En un comunicado, el Ministerio de Asuntos Exteriores, Unión Europea y Cooperación reitera su rechazo a este «castigo inhumano», que es «contrario a los derechos humanos más fundamentales de vida y dignidad».
Condena la represión
También condena la «sangrienta represión» del régimen de Irán sobre su población y, especialmente, contra los manifestantes pacíficos, muchos de ellos asesinados o ejecutados tras juicios sumarios, o detenidos arbitrariamente.
El departamento que dirige José Manuel Albares reitera asimismo su firme condena a los «ataques indiscriminados» del régimen iraní contra la población civil, viviendas e infraestructuras civiles estratégicas de los países del Golfo y la región.

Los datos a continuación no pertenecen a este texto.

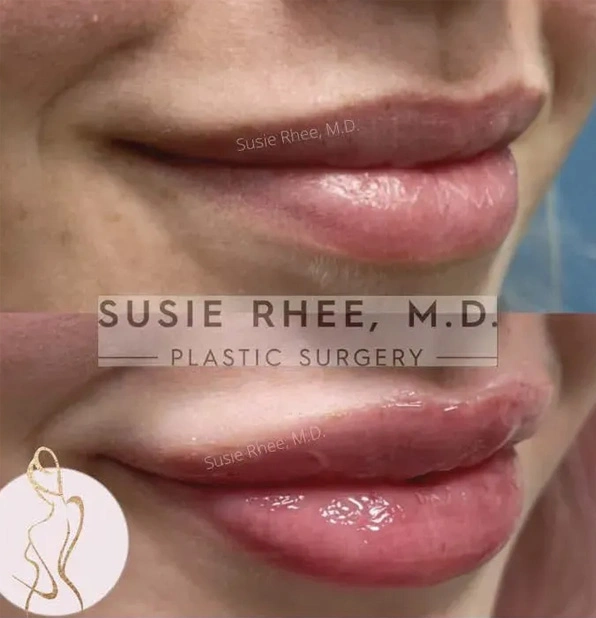 Real patient results before and after plastic surgery results in Long Island, NY, performed by Dr. Sotirios Papafragkou.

Tras advertir de que todo ello se hace «violando sistemáticamente» el derecho internacional, el Gobierno traslada sus condolencias a las familias de los fallecidos, y su solidaridad a todas las víctimas de esos ataques.
Por otra parte, el Ejecutivo de Pedro Sánchez exige al régimen de Irán que ponga fin a los ataques contra los países del Golfo y de la región, y que desbloquee la navegación en el estrecho de Ormuz.
Y llama a todas las partes a la «contención» y a «desescalar el conflicto», antes de recordar que el impacto desestabilizador que está produciendo «ya tiene alcance global».